The effect of the changes to the GEM Rules is very similar to that outlined above for Main Board Companies. The same new definitions have been inserted into Rule 1.01 and the same changes made to Rules 7.02 on Reporting Accountants and 7.04 on Segment Information as to their Main Board counterparts. Rules 7.11 and 7.12 on Disclosure and Accounting Standards have been amended in almost identical fashion to the corresponding Main Board Rules 4.10 and 4.11 respectively

Rule 11.12A (1) regarding the requirement to submit a cash flow statement to the Exchange has been amended to the effect that the statement no longer need comply with Hong Kong Accounting Standard 7 but rather with the relevant rules in the HKFRS, IFRS or CASBE. Rules 18.04 – 18.06 on accounting standards have been changed to ensure that CASBE may be used by PRC issuers when preparing the annual accounts and that no reconciliation with HKFRS or IFRS is required for such issuers.

Rule 18.08 has been amended to the effect that the segmental information an issuer provides in its financial statements must be that which is required under the standard it adopts for its annual statements, i.e. the HKFRS, IFRS, Generally Accepted Accounting Principles in the United States of America (“US GAAP“) or CASBE. The same alteration is made to segment information in respect of banking companies in Rule 18.80. The explicit acceptance of US GAAP in certain specified circumstances is a key difference between the Main Board and GEM Listing Rules in this area. Rules 18.09 and 18.20 regarding disclosure of related party transactions and departures from permitted accounting standards have been amended to give effect to the new framework by allowing them to be made in accordance with the applicable accounting standard used for the issuer’s annual financial statements.

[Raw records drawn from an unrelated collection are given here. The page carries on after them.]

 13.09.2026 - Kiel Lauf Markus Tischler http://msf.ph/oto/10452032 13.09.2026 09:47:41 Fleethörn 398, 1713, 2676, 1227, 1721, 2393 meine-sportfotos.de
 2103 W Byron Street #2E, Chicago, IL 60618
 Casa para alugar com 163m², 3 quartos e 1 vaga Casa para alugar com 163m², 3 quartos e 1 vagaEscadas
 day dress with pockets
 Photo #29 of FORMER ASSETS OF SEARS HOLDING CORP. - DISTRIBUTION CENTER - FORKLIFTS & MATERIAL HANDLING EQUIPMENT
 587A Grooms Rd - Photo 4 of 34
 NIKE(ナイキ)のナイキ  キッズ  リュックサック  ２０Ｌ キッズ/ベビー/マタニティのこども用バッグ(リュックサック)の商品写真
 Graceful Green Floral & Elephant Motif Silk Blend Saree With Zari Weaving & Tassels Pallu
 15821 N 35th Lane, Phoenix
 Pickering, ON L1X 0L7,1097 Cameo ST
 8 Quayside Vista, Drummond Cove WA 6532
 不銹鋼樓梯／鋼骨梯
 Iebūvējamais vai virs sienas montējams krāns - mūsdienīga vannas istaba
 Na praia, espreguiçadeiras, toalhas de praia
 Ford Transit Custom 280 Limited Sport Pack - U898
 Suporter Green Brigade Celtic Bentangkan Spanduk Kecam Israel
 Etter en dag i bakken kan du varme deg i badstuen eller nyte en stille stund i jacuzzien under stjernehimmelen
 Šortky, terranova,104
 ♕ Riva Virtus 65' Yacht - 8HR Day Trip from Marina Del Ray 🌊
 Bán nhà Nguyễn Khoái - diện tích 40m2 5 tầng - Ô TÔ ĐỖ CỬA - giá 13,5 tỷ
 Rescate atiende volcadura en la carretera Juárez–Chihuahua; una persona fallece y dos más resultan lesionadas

The additional segmental information required of Financial Conglomerates by Rule 18.37A must now be issued in the accounting standard in which the issuer’s annual reports were prepared, be it IFRS, HKFRS or CASBE. The same result is achieved with regard to segment information in the balance sheet and income statement of an issuer by Rule 18.50B due to the changes to Rule 18.55, regarding half yearly reports.

Other minor alterations are made in Notes 2 (b) and (c) to Rule 19.04, Rule 19.15 (1),Rule 19.17 and Rule 19.19 all of which are aimed at giving full effect to the new ability of PRC issuers to prepare their annual financial statements under CASBE.

Rule 19.68 in relation to circulars concerning very substantial disposals of a business or company/companies has been amended so that the review of the financial information involved must be performed in accordance with the standards of either the Hong Kong Institute of Certified Public Accountants or the International Auditing and Assurance Standards Board of the International Federation of Accountants or the China Auditing Standards Board of the China Ministry of Finance.

Rule 25.01 concerning PRC incorporated issuers is modified in almost an identical manner to the equivalent Rule 19A.01 in the Main Board Rules. This is also the case with GEM Rules 25.25 and 25.26 on auditors, amended in the same fashion as Main Board Rule 19A.31 and 19A.32. Similarly GEM Rule 25.44 on the meaning of the word “accounts” in relation to PRC issuers is amended in the same way as the corresponding Main Board Rule 19A.39.

With regard to the continuing obligations of issuers, Rule 31.40 on accounting standards now permits the use of CASBE as set out in Rules 18.04 to 18.06, Rule 31.43 demands that accounts be audited either to the standards required in Hong Kong or to those set out by the International Standards on Auditing or China Auditing Standards and Rule 31.56 is amended to ensure that issuers must publish a statement explaining the reason for a departure from the accounting standard used in preparing the issuer’s annual accounts.